Task to complete => Word for word, copy all the data and drop the pictures.

*** Given information Section Begins ***

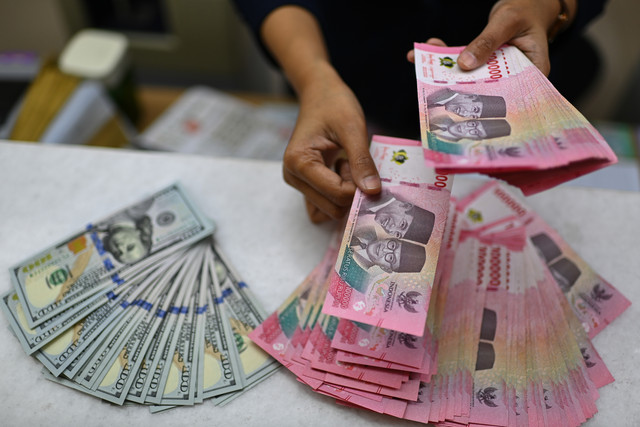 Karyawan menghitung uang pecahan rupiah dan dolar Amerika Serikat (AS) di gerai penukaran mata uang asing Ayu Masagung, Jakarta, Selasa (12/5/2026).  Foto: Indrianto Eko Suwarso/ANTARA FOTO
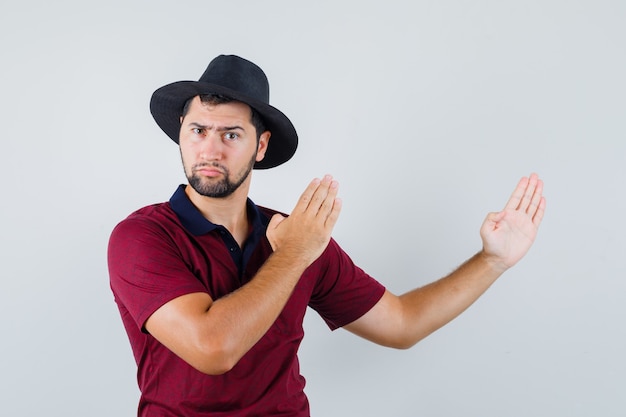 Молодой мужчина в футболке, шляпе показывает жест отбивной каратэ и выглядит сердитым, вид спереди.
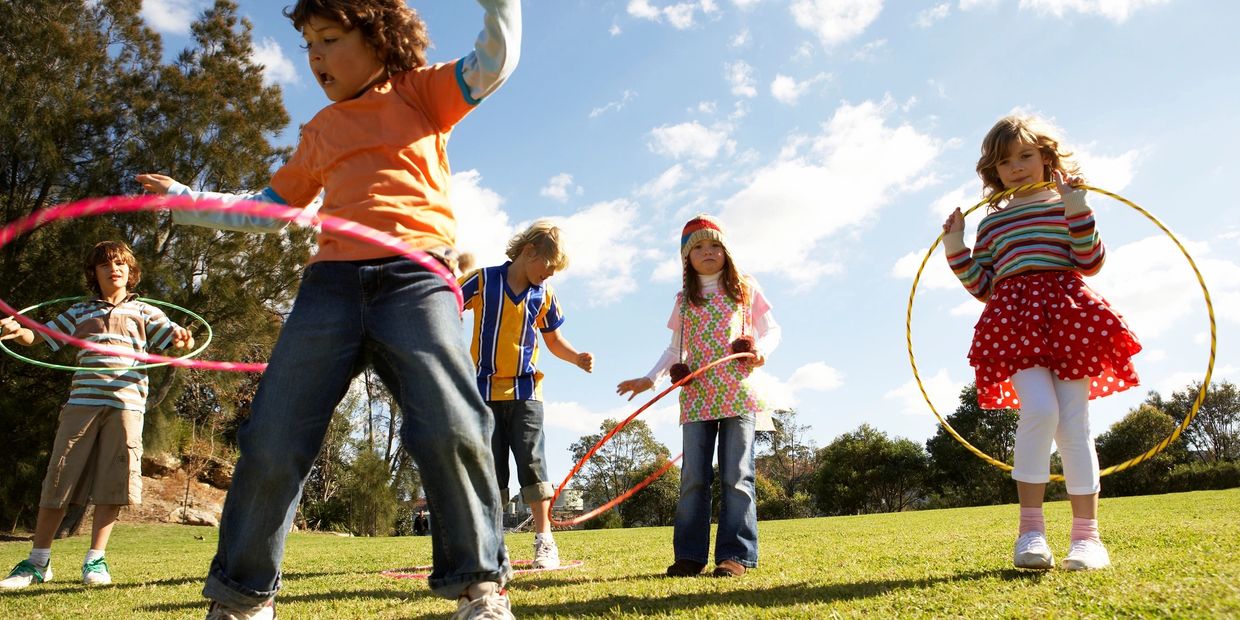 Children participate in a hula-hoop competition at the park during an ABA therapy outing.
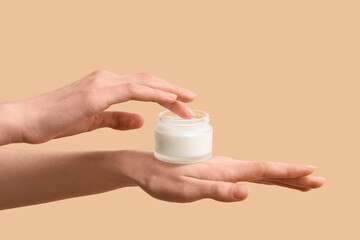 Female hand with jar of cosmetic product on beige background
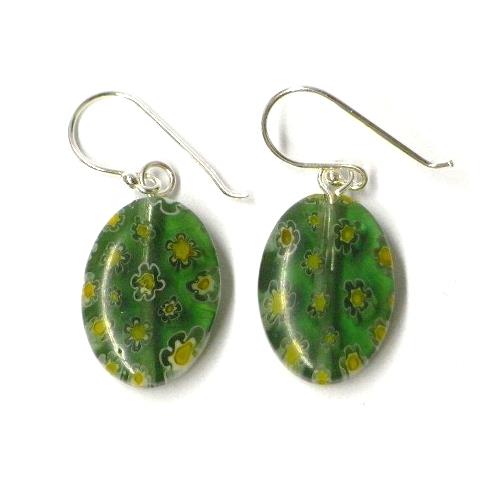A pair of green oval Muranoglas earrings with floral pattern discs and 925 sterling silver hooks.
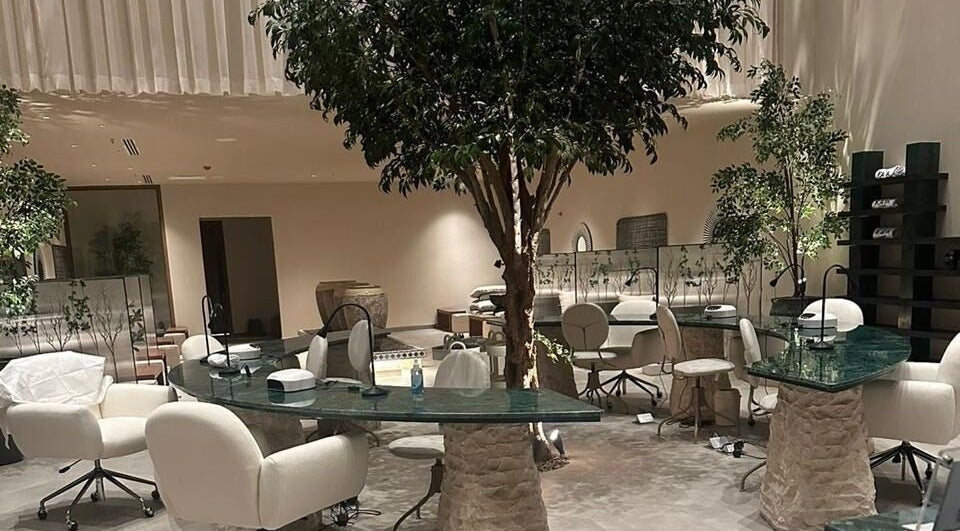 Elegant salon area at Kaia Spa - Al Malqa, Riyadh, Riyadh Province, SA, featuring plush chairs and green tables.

*** Given information Section Ends ***

Result =>
 Karyawan menghitung uang pecahan rupiah dan dolar Amerika Serikat (AS) di gerai penukaran mata uang asing Ayu Masagung, Jakarta, Selasa (12/5/2026).  Foto: Indrianto Eko Suwarso/ANTARA FOTO
 Молодой мужчина в футболке, шляпе показывает жест отбивной каратэ и выглядит сердитым, вид спереди.
 Children participate in a hula-hoop competition at the park during an ABA therapy outing.
 Female hand with jar of cosmetic product on beige background
A pair of green oval Muranoglas earrings with floral pattern discs and 925 sterling silver hooks.
 Elegant salon area at Kaia Spa - Al Malqa, Riyadh, Riyadh Province, SA, featuring plush chairs and green tables.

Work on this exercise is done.